“Don’t You Get Lonely?” Here’s My Honest Answer

When people find out I live alone in an RV and travel by myself most of the time, they usually ask the same question.

“Don’t you get lonely?”

It’s a fair question. And the honest answer is: sometimes. Mostly I just get really opinionated about coffee and nobody’s around to hear it.

But somewhere along the way, I learned there’s a real difference between being alone and being lonely. One is a circumstance. The other is a feeling. And they don’t always show up together.

Alone Is a Fact. Lonely Is a Story.

Alone simply means no one else is in the room.

Lonely is the story I tell myself about what that means.

For a long time, I assumed they were the same thing. If I was by myself, I must be lonely. But I’ve spent enough nights parked somewhere quiet, just me and the mountains and the sound of absolutely nothing, to know that’s not true.

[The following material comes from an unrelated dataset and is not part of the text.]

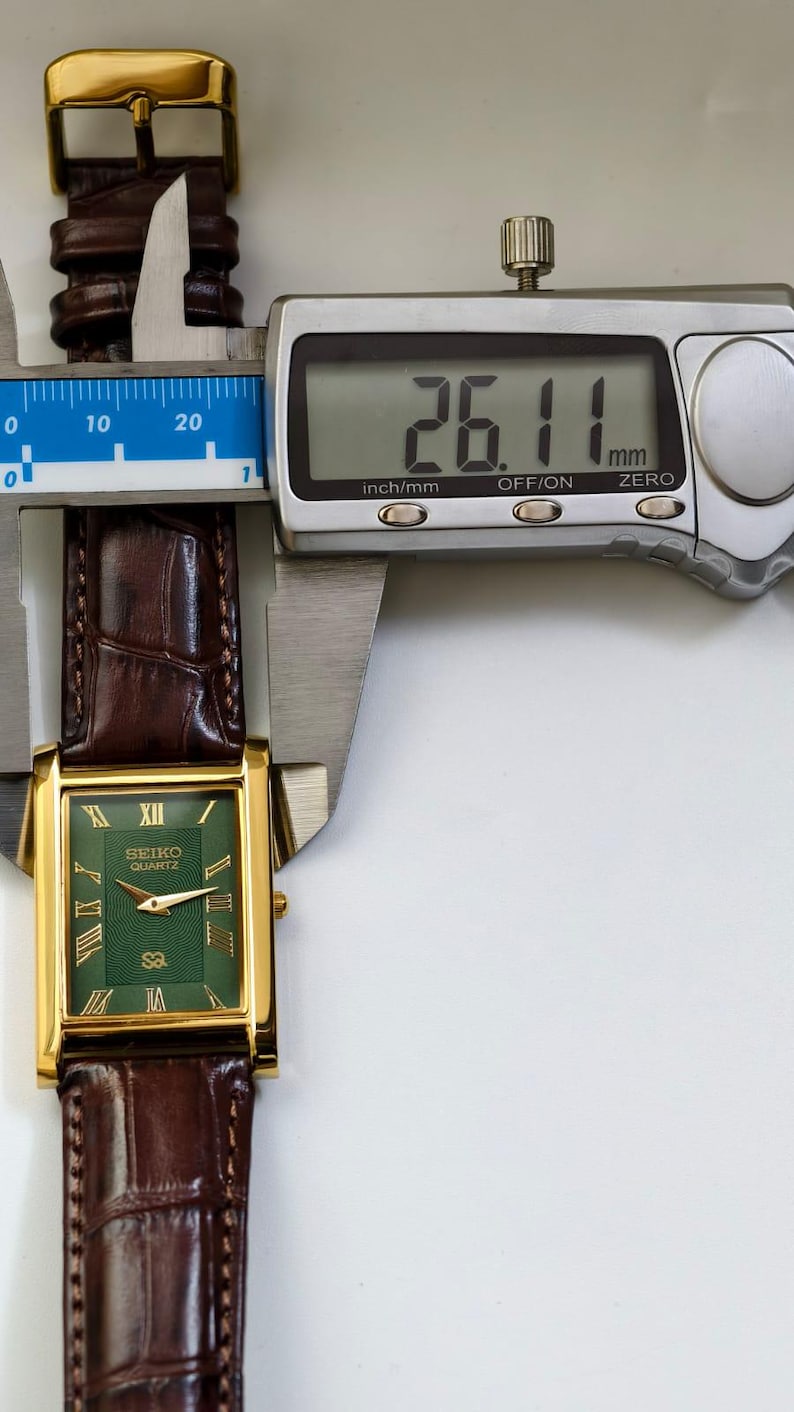 May include: A gold-toned Seiko Quartz watch with a rectangular green face and Roman numeral hour markers. The watch has a brown leather band and is measured at 26.11 mm. The watch is displayed with a digital caliper.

Some of my fullest moments have happened in complete solitude. Some of my loneliest moments have happened in a crowded room.

What I Used to Fill the Silence With

I didn’t always know how to be alone well.

For years I filled silence with noise — a podcast, a phone call, a google deep dive into something I’d forget by morning. Anything to avoid sitting with my own thoughts for too long.

I think a lot of us do that. We’re afraid of what we’ll hear if things get too quiet.

Moving into an RV by myself didn’t give me a choice. The silence was just there. No roommate. No spouse in the next room. Not even a dog to break it up anymore. Just me, the hum of the fridge, and my own thoughts, uninvited but persistent, like a guest who won’t leave the party.

At first, that silence felt heavy.

Eventually, it felt like a gift.

God Meets Us in the Quiet

Here’s the plot twist I didn’t see coming: some of my clearest moments with God haven’t happened in a church service or a worship set. They’ve happened in the quiet — driving down some empty highway, sitting outside my RV at dusk, lying awake at 2 a.m. with nothing but my own thoughts and His presence.

Solitude has a way of stripping away distraction. And when the distraction goes, what’s left is just you and God. No small talk required.

I don’t think that’s an accident.

Jesus Himself withdrew to lonely places to pray. Not because He needed to escape people, but because He needed that uninterrupted space with the Father. If the actual Son of God needed to unplug and go sit somewhere quiet, I’m going to go ahead and assume I do too.

Lonely Isn’t Solved by Adding People

Here’s something that surprised me.

I’ve felt achingly lonely surrounded by people who cared about me. And I’ve felt completely at peace parked in the middle of nowhere with no cell service, no neighbors, and no idea what day it was.

That told me something important: loneliness isn’t solved by simply adding more people to the room.

It’s solved by connection. By purpose. By knowing you’re not forgotten, even when no one’s physically near. For me, that comes from my relationship with Jesus first, and then from the people He’s placed in my life — even when they’re eight states away and I only get to hear their voices through a phone screen.

Learning to Enjoy My Own Company

I won’t pretend this came naturally.

I had to learn how to enjoy a quiet morning instead of dreading it. How to sit with my own thoughts instead of sprinting from them. How to be content being the only voice in the room most days — and, occasionally, the only vote on where I’m headed next, which honestly has its perks.

Some of that came with time. Some came with practice. A lot came with prayer.

Now? I genuinely enjoy my own company. I like the quiet mornings. I like the long, uninterrupted drives. I like having space to think, to pray, to just be — and to sing badly in the driver’s seat with no-one listening.

I’m not lonely. I’m just alone, and it turns out that’s a perfectly good place to be.

I’m still learning this. I imagine I’ll keep learning it for a long time, one spontaneous solo trip at a time.

But most mornings now, when I step outside with my coffee and there’s no one else around for miles, I don’t feel the ache I used to feel.

I just feel quiet. Full. Like I’m exactly where I’m supposed to be.

Turns out I was never really alone out here anyway.